# Vehicle Ownership Transfer



## magoo (Nov 18, 2008)

I am looking for advise on the documentation and procedure required for the transfer of ownership of a second hand car to the about to be new owner , me.

I have the following noted but would appreciate confirmation :

Original Certificate of Vehicle
Original Receipt of Registration.
Deed of Sale - sales agreement - is this required to be notarised and if so who normally covers this cost ?
Copy of buyers and sellers ID - is this to be signed three times and or are three copies required ?
Receipt from the seller to the buyer for monies paid.

I assume one goes to LTO to have the vehicle checked for its legal and roadworthy status and from there to the lawyer to have a Deed of Sale notarised and lastly back to LTO to have the vehicle registered to the new owner.

Is there more ?


----------



## pijoe (Jul 21, 2015)

I would run the plate (by text message to LTO) and make sure that there is no LTO apprehension or alarms on the vehicle.
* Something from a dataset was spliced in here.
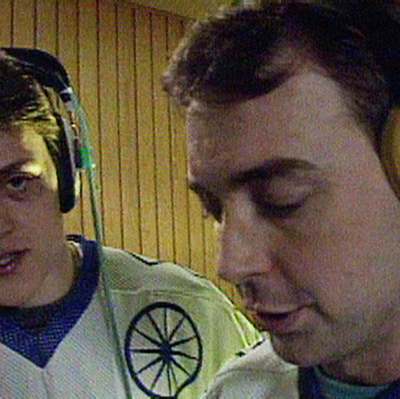 Teemu Selänne, Pasi Huura, Hannu Virta, Sakari Lindfros ja Esa Keskinen studiossa 1991.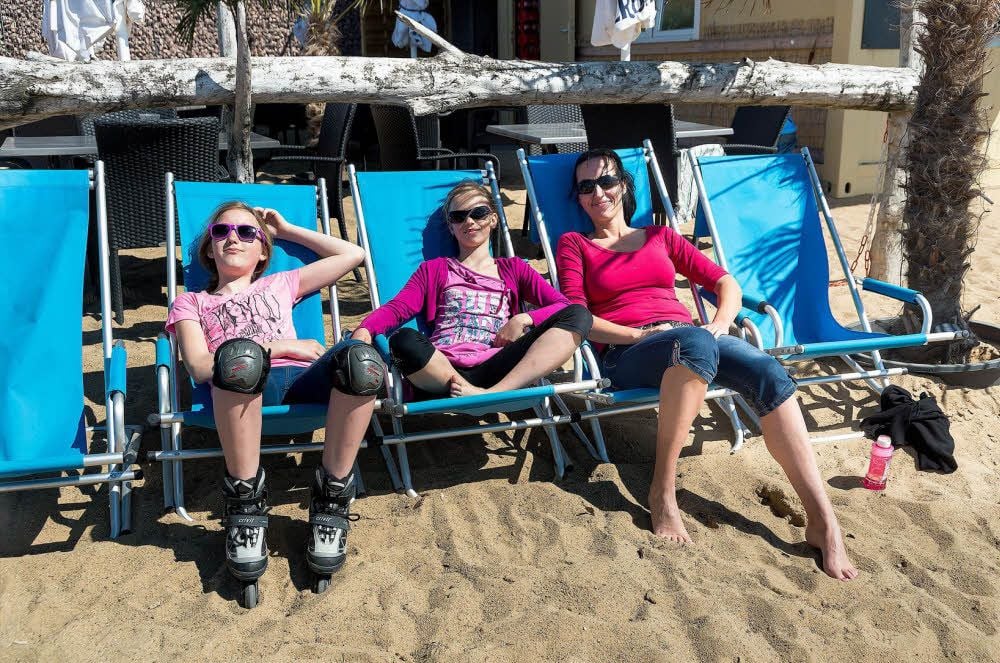 Endlich Sonne: Mary Popp kam mit Vivien Schleicher und Gina Sommer (v.r.) an den Strand in Stöbnitz, um das tolle Wetter zu genießen.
Is there a chance that it is smuggled? I only ask because almost all "big bikes", muscle cars, hot rods, ect, are. The sales agreement, copies of ID, ect are to prove that you bought it but I dont know if you need them at LTO or not as I always have my brother in law do non appearance rego's for me. After that you will need original O.R. and definitely original C.R. ( basically the title in P.I.)
It helps quite a bit if the plate is from the LTO where you live. Dilliman if living in the Manila area, Olongapo if in Subic, ect... That keeps H.P.G. at bay. Someone here probably has a better answer than me but I hope that helps a little. Cheers.


----------



## esv1226 (Mar 13, 2014)

Sold our car yesterday. The buyer is a friend. She did not even test drive. She came to our house with her sister, the "deed" which we filled up and the person who notarized the deed. We paid 1500 pesos. The sister and notarizer then took off to transfer title, insurance, etc. I don't know what else is involved. The buyer and I went to the bank - she withdrew pesos, I bought dollars.


----------



## M.C.A. (Feb 24, 2013)

This probably one area I'd have a family friend (authorized fixer), ask at the LTO counter who can help you and then have them handle the transactions if we go in as expats in some area's it's gonna be a long and stressful day or many days.


----------



## magoo (Nov 18, 2008)

pijoe said:


> I would run the plate (by text message to LTO) and make sure that there is no LTO apprehension or alarms on the vehicle. Is there a chance that it is smuggled? I only ask because almost all "big bikes", muscle cars, hot rods, ect, are. The sales agreement, copies of ID, ect are to prove that you bought it but I dont know if you need them at LTO or not as I always have my brother in law do non appearance rego's for me. After that you will need original O.R. and definitely original C.R. ( basically the title in P.I.)
> It helps quite a bit if the plate is from the LTO where you live. Dilliman if living in the Manila area, Olongapo if in Subic, ect... That keeps H.P.G. at bay. Someone here probably has a better answer than me but I hope that helps a little. Cheers.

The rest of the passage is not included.